To me, flexibility is key. Get-VM, in my view, must allow the person typing the command to specify multiple servers easily. The most obvious example is
Get-VM -Server ClusterNode1, ClusterNode2

If parameter validation says the server name must be a single string, then you force the user to do something like this
"ClusterName1", "ClusterNode2" | foreach-Object {Get-VM –Server $_}

Not only is the first way shorter but it can be done by a user who has no PowerShell background. In the same way it should be possible to get those VMs whose names indicate they are located in particular cities
Get-VM -VM "London*" ,"Paris*"

Yes, I have just sneaked in support for Wildcards. Not allowing this means forcing the user into something like
Get-VM | Where-Object {($_.name –like "London*") –or ($_.name –like "Paris*") }

This may mean more work when we implement the Command (which we do once) **to save work when it is run ** (which happens many times).

What about the case where we run
Get-VM -VM "London-DC01" -Server ClusterNode1
but London-DC01 is running on ClusterNode2 : Should this command return an error?

My (limited) background in databases says that if the query runs successfully and finds no matching data, “Nothing” is a perfectly valid output, and more desirable than an exception stopping a script. This begins to answer the question of what should the input to Start-VM and Stop-VM be ?.

  1. It would be illogical if they did not accept the output of Get-VM, so the following should be possible
    $myVMs = GET-VM ; Start-VM –VM $MyVMs
    Start-VM -VM (Get-VM –VM "London-DC01")
    Get-VM | Start-VM
    And should not produce an error if the GET-VM command returns no VMs.
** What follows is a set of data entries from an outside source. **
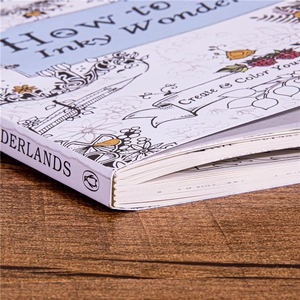 How to Draw Inky Wonderlands coloring book for adults on dark wood background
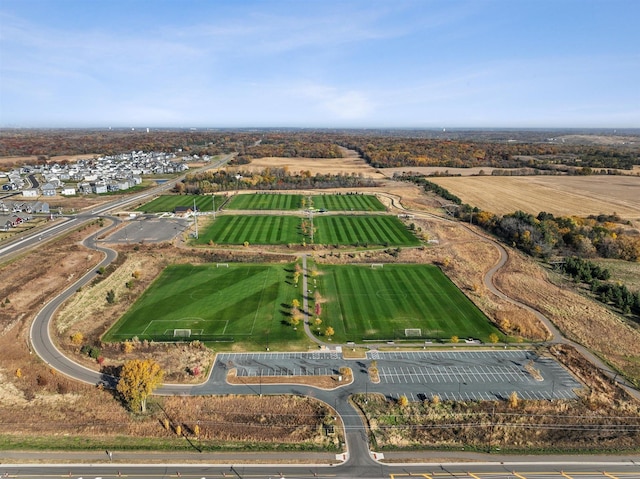 birds eye view of property featuring a rural view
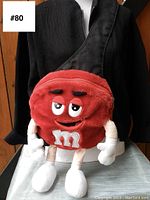 Front view of the red M&M plush crossbody bag worn on a mannequin dressed in black, showing the character design with eyes, eyebrows, mouth, arms and legs.
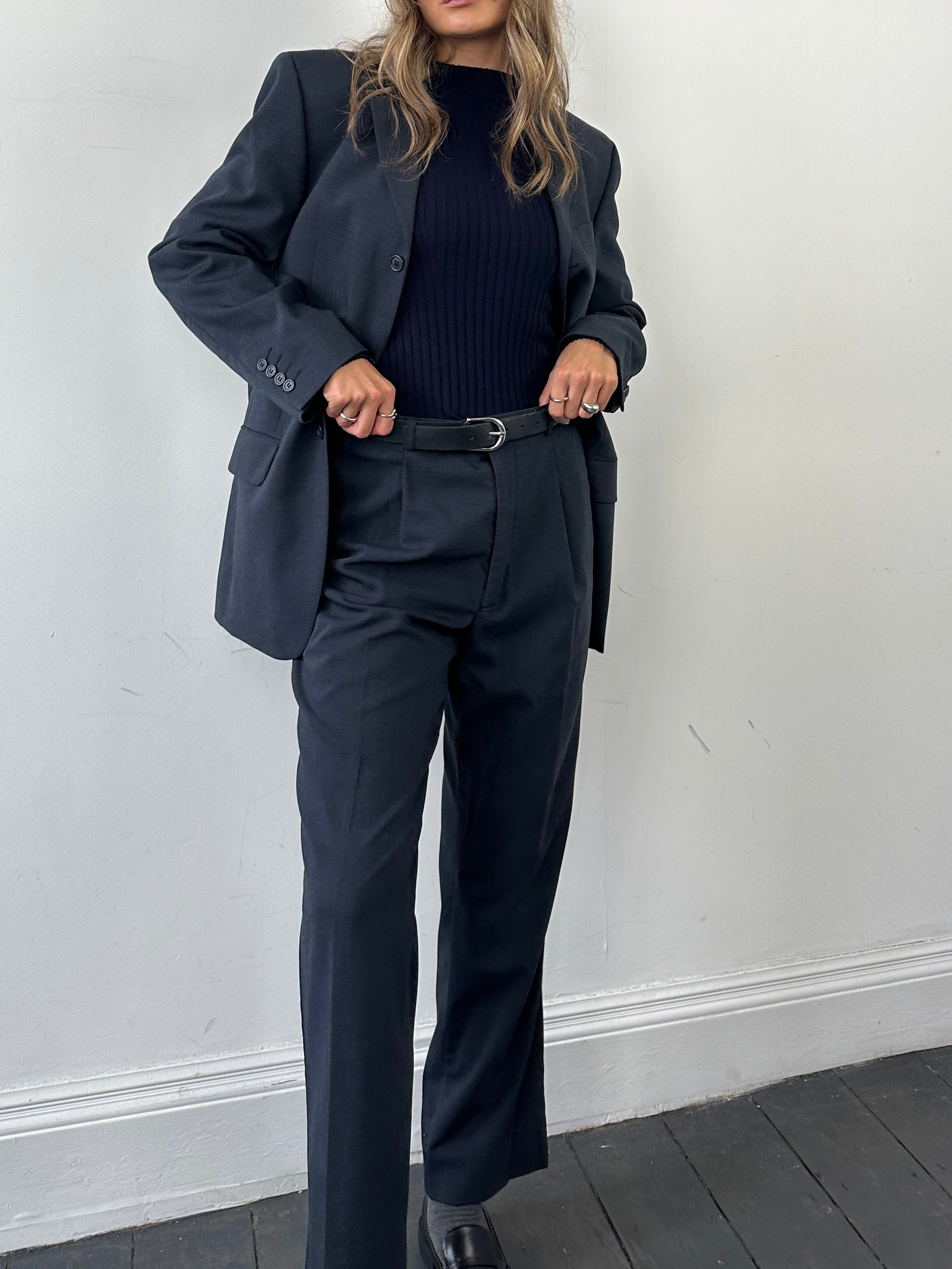 Vintage wool single-breasted suit jumpsuit in size 38R/W30, showing the tailored fit and classic design with lapel collar.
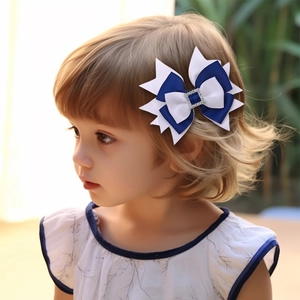 Detailed close-up of a blue and white layered bow hair clip with a rhinestone on a child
  2. Some might think it acceptable to say the -VM parameter of Start-VM and Stop-VM must contain VM objects. But if it is possible to Get VMs by passing VM name(s) and/or server name(s) then many administrators would say that
    Start-VM -VM (Get-VM –VM "London-DC01")
    is too like coding, and not enough like the shell command line they would expect which would be
    Start-VM -VM "London-DC01"

PowerShell parameter declarations can specify how their type and content should be validated. “Real” programmers who are used to always specifying the type of everything, tend to grasp this and say “We WILL specify a type (and other validation) in every parameter declaration”. In C#, for example, if someone tries to pass your code something of the wrong type, Visual studio will stop them and tell not to be so silly – their code won’t compile so they never see a ugly red runtime error. Making parameter types agree makes a little more work, but their code will be run many times (hopefully) so that’s tolerable. But a PowerShell user might type a command in the shell once and then it’s gone, that extra work is less tolerable, and if input which seems logical to them violates rules you have set, the first they will know is a ugly red runtime error: any programmer should worry when normal user behaviour produces runtime errors (though a lot will just code to avoid the runtime error, not to adapt their rules to the way users expect to work).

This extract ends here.